Григорий Иванович Антоневич вошел в кабинет Серебрякова, тяжело дыша, поспешно обтирая мятым носовым платком одутловатое, побагровевшее лицо. Был он грузен, и с этой грузностью как-то не вязалась, вступала в противоречие его нервная подвижность, суетливая торопливость жестов.
— Здравствуйте, Григорий Иванович, садитесь, прошу вас, — сказал Серебряков.
— Простите меня великодушно, может, я и некстати... Но ведь сын... единственный сын... Сейчас отдышусь только... сейчас... — говорил Антоневич-старший, тяжело опускаясь на стул. — Я так торопился к вам: такси хотел вызвать, а там, представляете, то занято, то трубку не поднимают, гудки и гудки длинные — и никакого ответа. Словно вымерли все там, в диспетчерской.
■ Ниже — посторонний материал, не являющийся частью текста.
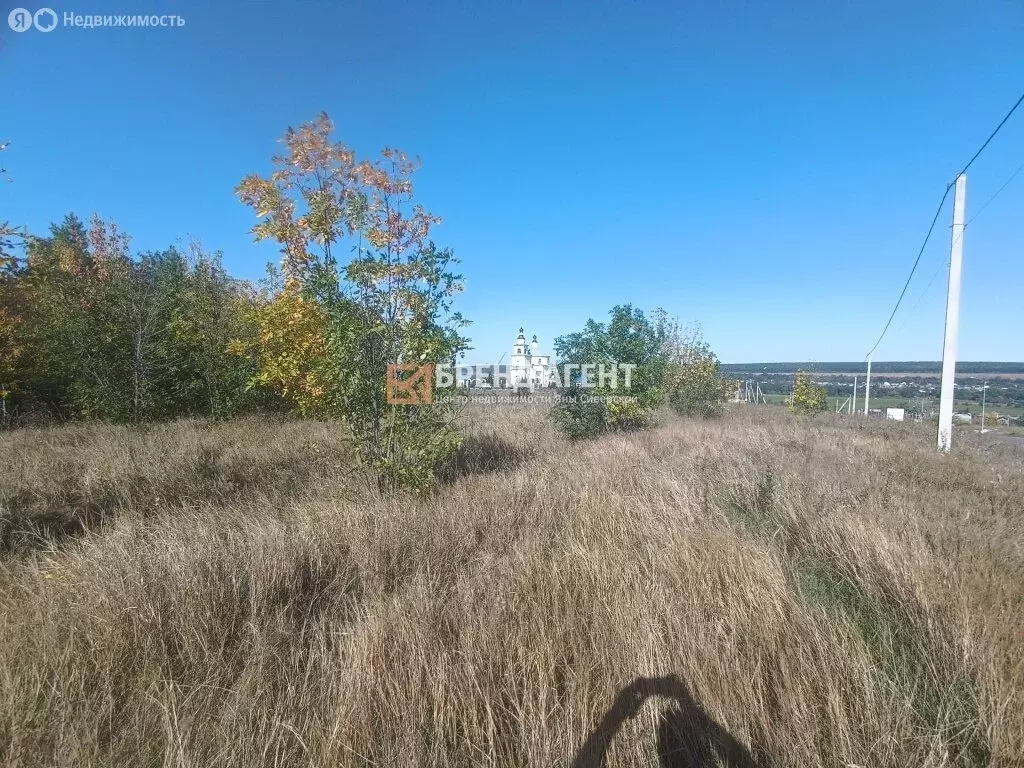 Участок в Белгородский район, Беломестненское сельское поселение, село ... - Фото 1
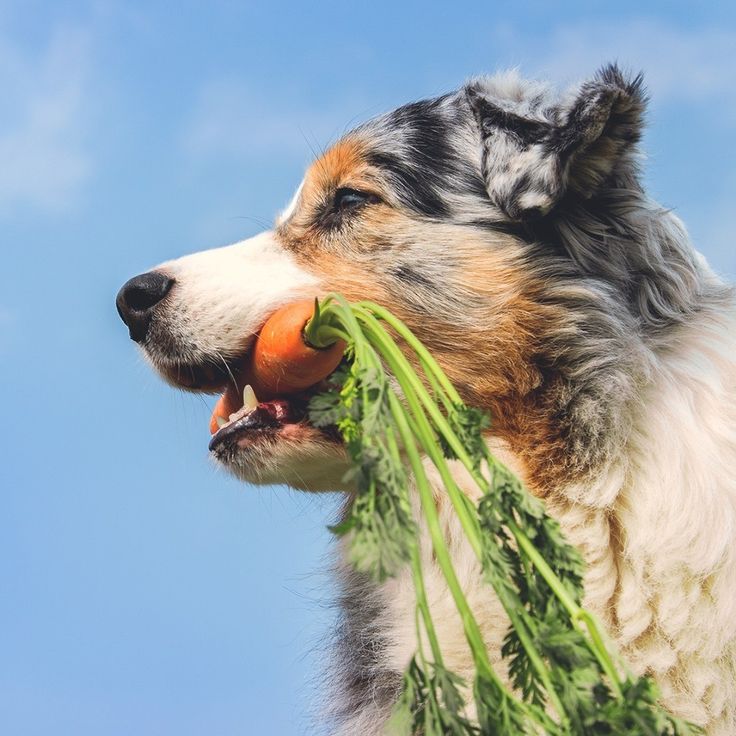 The Importance of Whole Foods for Dog Skin Health and Longevity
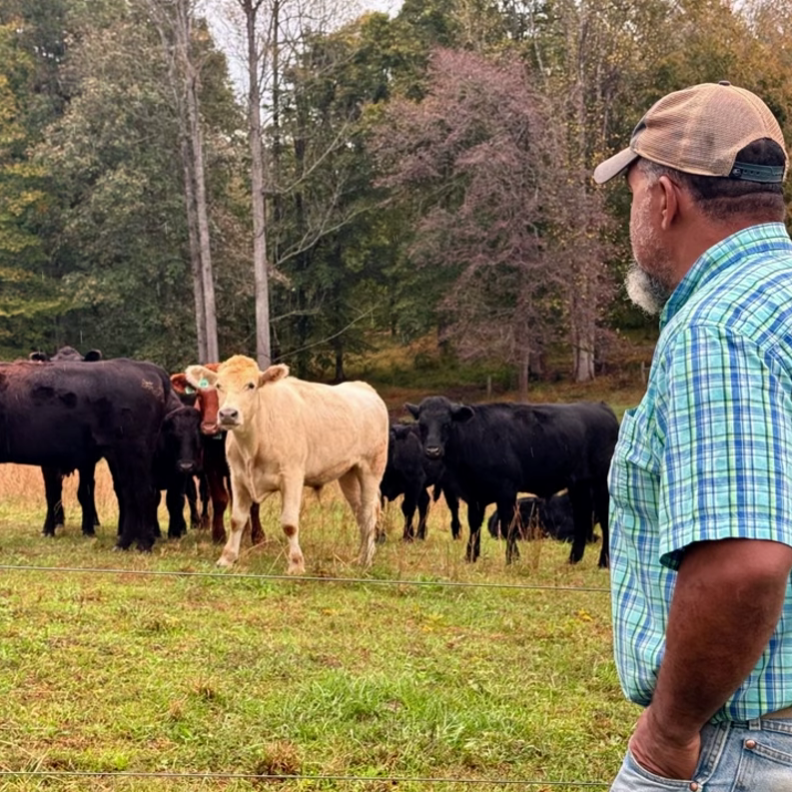 MVFP Featured in Charlottesville Tomorrow & IMHO Talk Show Story on Virginia's Historic Drought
Такое безобразие, диву просто даешься: где только у этих людей чувство ответственности?.. Ну вот и все, кажется, отдышался, отпустило... — Он вздохнул глубоко, с видимым облегчением, полной грудью и замолчал, глядя на Серебрякова.
— Так я слушаю вас, Григорий Иванович, — сказал Серебряков.
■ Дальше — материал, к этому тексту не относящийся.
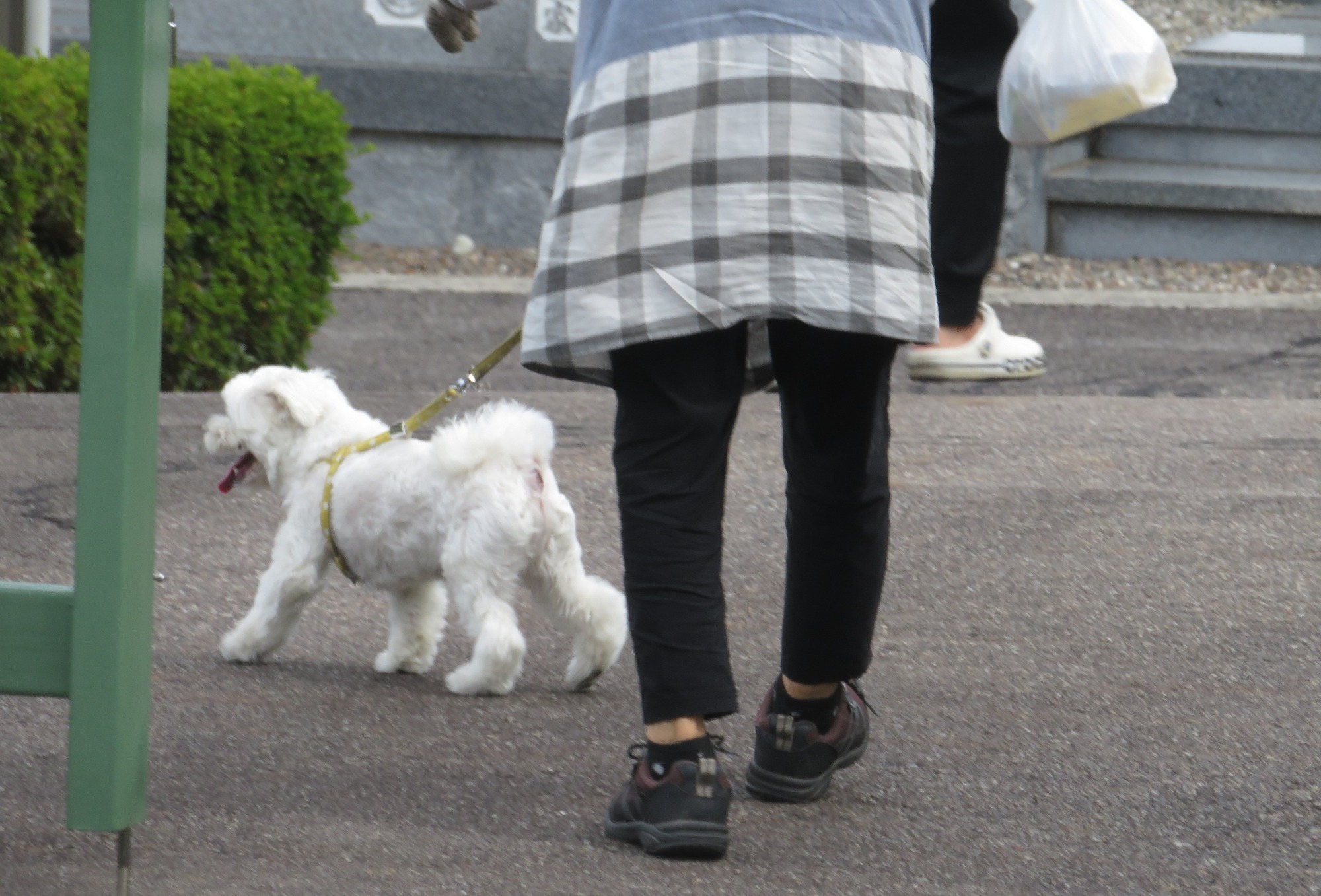 写真：スタバ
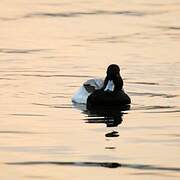 Lesser Scaup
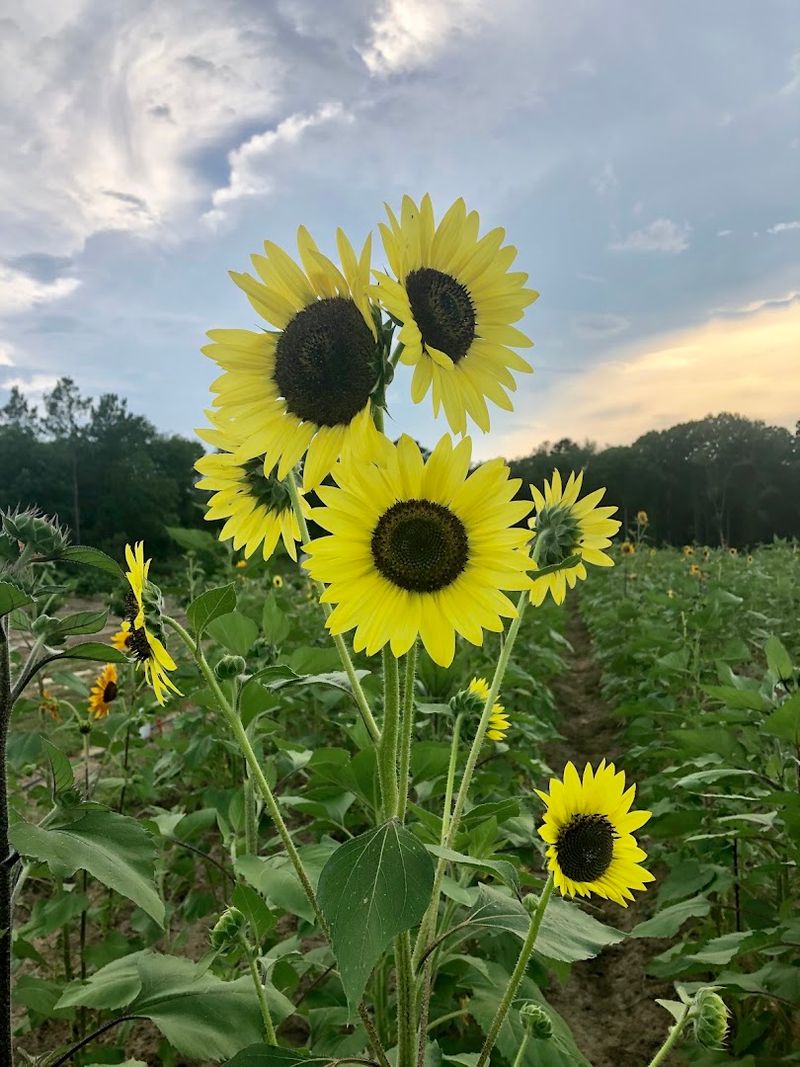 Southern Grace Farms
— Да, да... Сейчас... сейчас. Пока шел к вам, верите ли, все так стройно, так хорошо складывалось в голове, все слова, которые должен сказать вам... А теперь мысли разбегаются... Так что вы извините меня за сбивчивость. Но я главное хочу сказать без всяких предисловий: то, что произошло с моим сыном, — это недоразумение какое-то, ошибка, верьте мне, у меня чутье, нюх, я кожей такие вещи чувствую. Он не виновен, я убежден в этом.
— Значит, — сказал Серебряков, — вы убеждены, что ваш сын не мог заниматься деятельностью... деятельностью, не совместимой с законами нашего государства? Я правильно вас понял?
— Не мог! Именно не мог! Я это и хотел сказать!
— И вы никогда не замечали за ним ничего такого, что впоследствии могло перерасти в антисоветские, враждебные настроения?
— Нет. Нет, конечно! Да у нас в доме и слов таких никогда не произносилось!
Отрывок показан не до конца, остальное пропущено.